## What is needed
Retype, exactly as they appear below, the lines between the line holding "Ankara Keçiörengücü - Balıkesirspor: 3-1" and the line holding "Honey Cinnamon Oatmeal Bread", both ends included.

## Study material
=== Begin Enclosure ===

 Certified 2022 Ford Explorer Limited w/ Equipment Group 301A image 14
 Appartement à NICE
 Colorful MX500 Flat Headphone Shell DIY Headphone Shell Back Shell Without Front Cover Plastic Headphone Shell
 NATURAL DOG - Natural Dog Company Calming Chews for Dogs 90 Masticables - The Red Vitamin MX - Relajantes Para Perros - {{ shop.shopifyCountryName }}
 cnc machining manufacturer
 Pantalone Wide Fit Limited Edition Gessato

=== End Enclosure ===
=== Begin Enclosure ===

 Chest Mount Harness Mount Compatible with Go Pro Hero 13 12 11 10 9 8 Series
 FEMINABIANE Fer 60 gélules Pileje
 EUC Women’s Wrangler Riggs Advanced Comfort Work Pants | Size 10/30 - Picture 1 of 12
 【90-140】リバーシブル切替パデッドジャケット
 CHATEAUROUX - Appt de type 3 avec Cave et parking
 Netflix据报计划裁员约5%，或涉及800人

=== End Enclosure ===
=== Begin Enclosure ===

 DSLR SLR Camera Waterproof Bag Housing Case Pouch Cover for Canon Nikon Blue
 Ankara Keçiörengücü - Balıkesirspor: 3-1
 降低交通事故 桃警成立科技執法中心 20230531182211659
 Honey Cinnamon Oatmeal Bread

=== End Enclosure ===

## Result for this task
 Ankara Keçiörengücü - Balıkesirspor: 3-1
 降低交通事故 桃警成立科技執法中心 20230531182211659
 Honey Cinnamon Oatmeal Bread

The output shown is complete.